- **YOUR GOAL**: Output each line of the data below exactly, omitting any image.

- **GIVEN ENTRIES**:
────────

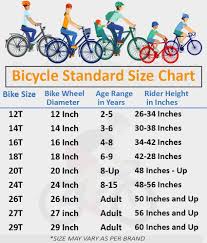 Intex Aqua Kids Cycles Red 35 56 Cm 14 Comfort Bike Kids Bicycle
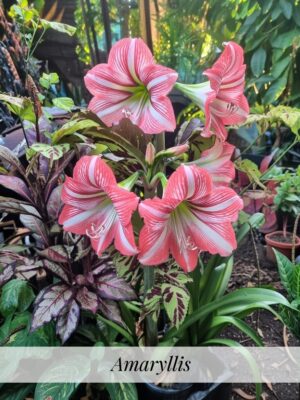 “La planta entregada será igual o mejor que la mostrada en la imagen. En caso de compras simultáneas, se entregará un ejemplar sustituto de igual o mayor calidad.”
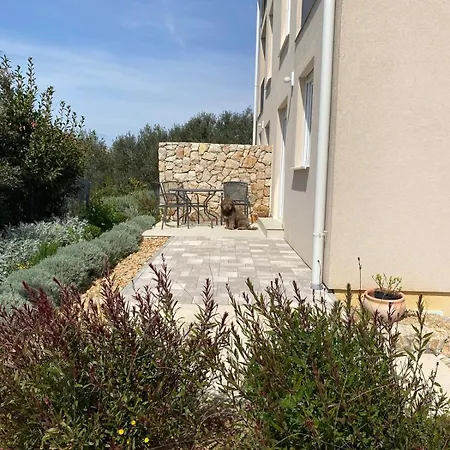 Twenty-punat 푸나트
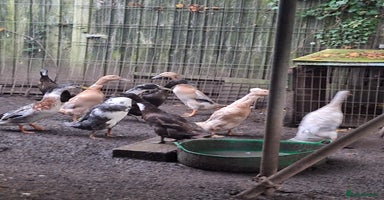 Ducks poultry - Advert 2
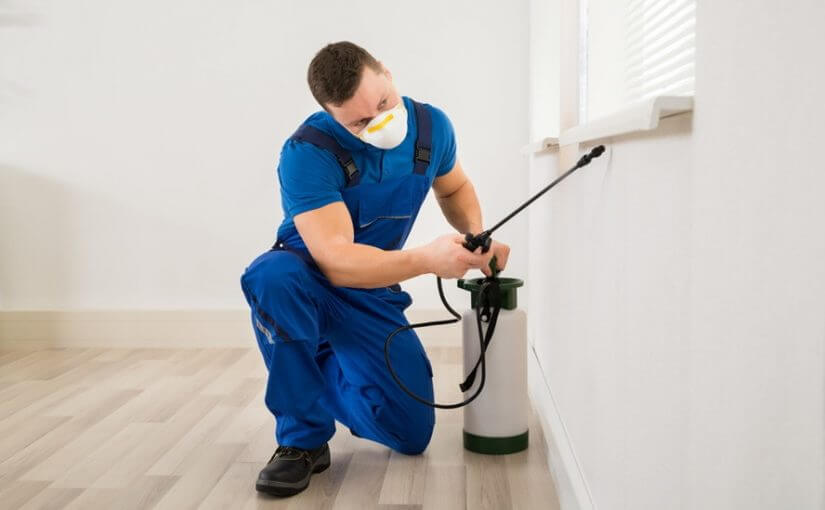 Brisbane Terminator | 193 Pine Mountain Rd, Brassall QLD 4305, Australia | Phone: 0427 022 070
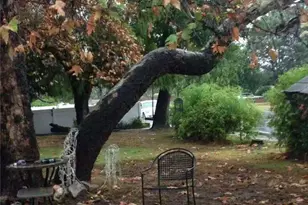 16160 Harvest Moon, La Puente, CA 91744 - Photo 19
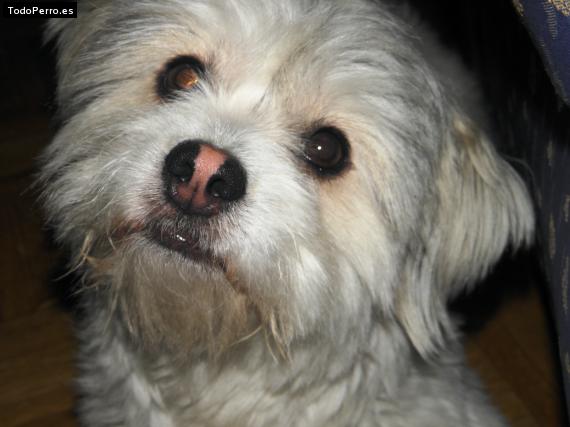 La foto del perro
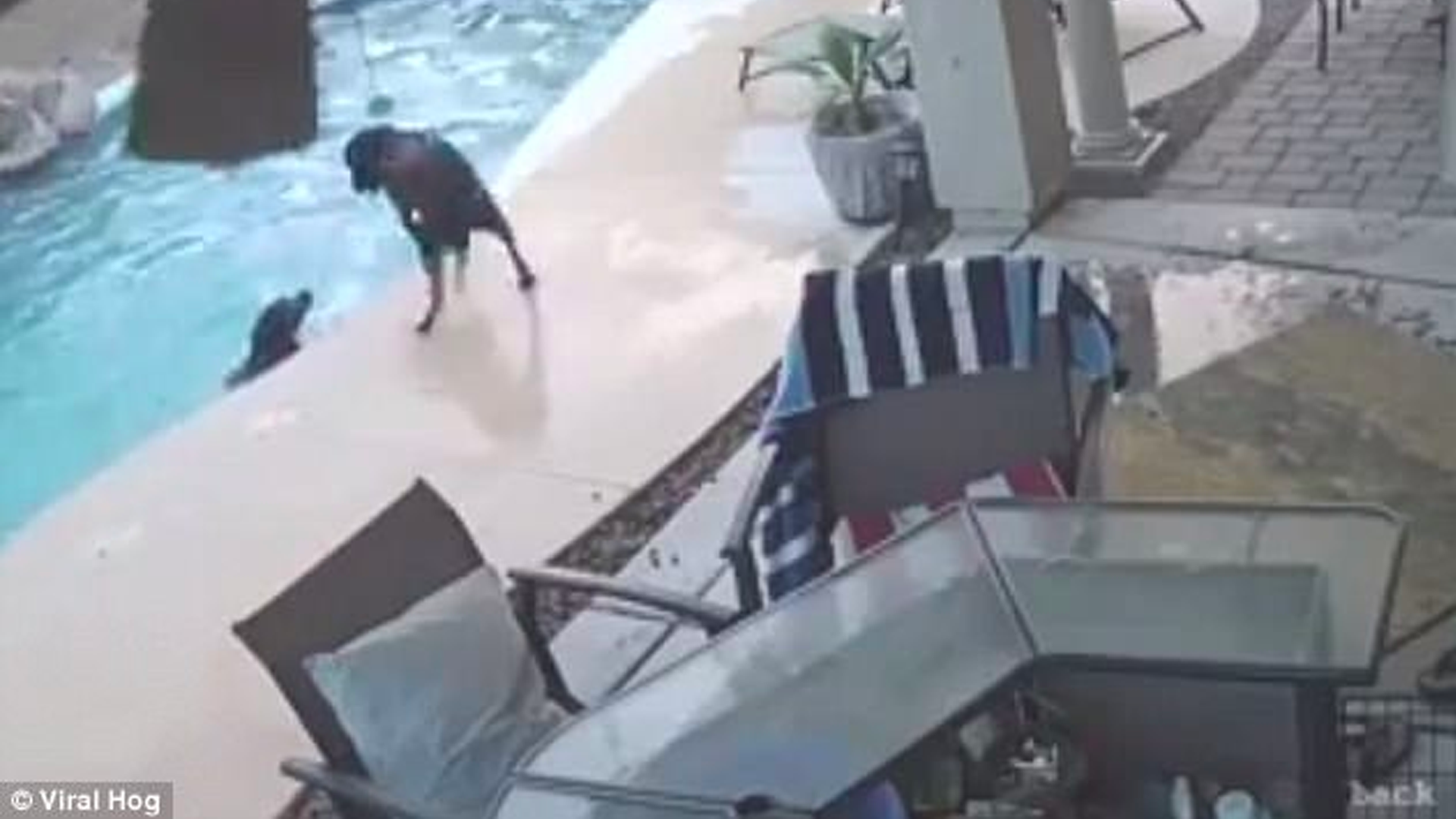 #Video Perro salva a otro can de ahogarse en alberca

────────

- **SOLUTION**:
 Intex Aqua Kids Cycles Red 35 56 Cm 14 Comfort Bike Kids Bicycle
 “La planta entregada será igual o mejor que la mostrada en la imagen. En caso de compras simultáneas, se entregará un ejemplar sustituto de igual o mayor calidad.”
 Twenty-punat 푸나트
 Ducks poultry - Advert 2
 Brisbane Terminator | 193 Pine Mountain Rd, Brassall QLD 4305, Australia | Phone: 0427 022 070
 16160 Harvest Moon, La Puente, CA 91744 - Photo 19
 La foto del perro
 #Video Perro salva a otro can de ahogarse en alberca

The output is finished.